Problem statement: The records beneath should be restated word for word.

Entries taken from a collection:
"""
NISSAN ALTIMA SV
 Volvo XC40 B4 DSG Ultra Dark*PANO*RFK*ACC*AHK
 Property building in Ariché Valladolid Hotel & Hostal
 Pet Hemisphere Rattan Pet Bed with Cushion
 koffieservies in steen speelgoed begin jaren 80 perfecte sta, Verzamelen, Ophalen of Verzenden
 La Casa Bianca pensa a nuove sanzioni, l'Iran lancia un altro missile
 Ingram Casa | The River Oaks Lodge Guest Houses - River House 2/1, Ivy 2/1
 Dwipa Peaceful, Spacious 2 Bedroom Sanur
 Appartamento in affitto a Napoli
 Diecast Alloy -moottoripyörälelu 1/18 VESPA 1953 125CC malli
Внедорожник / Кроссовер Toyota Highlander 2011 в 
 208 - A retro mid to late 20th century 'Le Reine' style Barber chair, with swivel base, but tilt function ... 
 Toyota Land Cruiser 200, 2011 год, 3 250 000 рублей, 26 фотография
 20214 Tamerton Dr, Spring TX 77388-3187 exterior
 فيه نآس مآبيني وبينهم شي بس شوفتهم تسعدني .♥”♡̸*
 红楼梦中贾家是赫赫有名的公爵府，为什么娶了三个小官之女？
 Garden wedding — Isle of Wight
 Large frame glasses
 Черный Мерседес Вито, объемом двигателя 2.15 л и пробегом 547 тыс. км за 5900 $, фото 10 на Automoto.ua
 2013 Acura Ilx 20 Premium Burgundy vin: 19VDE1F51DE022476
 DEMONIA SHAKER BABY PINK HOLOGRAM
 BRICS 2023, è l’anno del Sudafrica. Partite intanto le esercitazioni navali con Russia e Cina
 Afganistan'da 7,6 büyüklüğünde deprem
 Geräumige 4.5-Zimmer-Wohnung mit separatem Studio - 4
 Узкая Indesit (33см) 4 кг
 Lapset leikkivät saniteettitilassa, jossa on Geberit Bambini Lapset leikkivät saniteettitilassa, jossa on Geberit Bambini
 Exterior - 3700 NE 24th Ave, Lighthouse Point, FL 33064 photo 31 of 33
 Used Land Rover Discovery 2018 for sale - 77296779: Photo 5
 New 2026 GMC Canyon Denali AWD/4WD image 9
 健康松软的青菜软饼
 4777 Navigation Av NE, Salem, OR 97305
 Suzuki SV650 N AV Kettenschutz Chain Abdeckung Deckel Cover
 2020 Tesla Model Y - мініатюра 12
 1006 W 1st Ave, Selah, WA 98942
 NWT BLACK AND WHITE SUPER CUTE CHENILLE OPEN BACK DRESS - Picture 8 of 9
"""
The completed task:
NISSAN ALTIMA SV
 Volvo XC40 B4 DSG Ultra Dark*PANO*RFK*ACC*AHK
 Property building in Ariché Valladolid Hotel & Hostal
 Pet Hemisphere Rattan Pet Bed with Cushion
 koffieservies in steen speelgoed begin jaren 80 perfecte sta, Verzamelen, Ophalen of Verzenden
 La Casa Bianca pensa a nuove sanzioni, l'Iran lancia un altro missile
 Ingram Casa | The River Oaks Lodge Guest Houses - River House 2/1, Ivy 2/1
 Dwipa Peaceful, Spacious 2 Bedroom Sanur
 Appartamento in affitto a Napoli
 Diecast Alloy -moottoripyörälelu 1/18 VESPA 1953 125CC malli
Внедорожник / Кроссовер Toyota Highlander 2011 в 
 208 - A retro mid to late 20th century 'Le Reine' style Barber chair, with swivel base, but tilt function ... 
 Toyota Land Cruiser 200, 2011 год, 3 250 000 рублей, 26 фотография
 20214 Tamerton Dr, Spring TX 77388-3187 exterior
 فيه نآس مآبيني وبينهم شي بس شوفتهم تسعدني .♥”♡̸*
 红楼梦中贾家是赫赫有名的公爵府，为什么娶了三个小官之女？
 Garden wedding — Isle of Wight
 Large frame glasses
 Черный Мерседес Вито, объемом двигателя 2.15 л и пробегом 547 тыс. км за 5900 $, фото 10 на Automoto.ua
 2013 Acura Ilx 20 Premium Burgundy vin: 19VDE1F51DE022476
 DEMONIA SHAKER BABY PINK HOLOGRAM
 BRICS 2023, è l’anno del Sudafrica. Partite intanto le esercitazioni navali con Russia e Cina
 Afganistan'da 7,6 büyüklüğünde deprem
 Geräumige 4.5-Zimmer-Wohnung mit separatem Studio - 4
 Узкая Indesit (33см) 4 кг
 Lapset leikkivät saniteettitilassa, jossa on Geberit Bambini Lapset leikkivät saniteettitilassa, jossa on Geberit Bambini
 Exterior - 3700 NE 24th Ave, Lighthouse Point, FL 33064 photo 31 of 33
 Used Land Rover Discovery 2018 for sale - 77296779: Photo 5
 New 2026 GMC Canyon Denali AWD/4WD image 9
 健康松软的青菜软饼
 4777 Navigation Av NE, Salem, OR 97305
 Suzuki SV650 N AV Kettenschutz Chain Abdeckung Deckel Cover
 2020 Tesla Model Y - мініатюра 12
 1006 W 1st Ave, Selah, WA 98942
 NWT BLACK AND WHITE SUPER CUTE CHENILLE OPEN BACK DRESS - Picture 8 of 9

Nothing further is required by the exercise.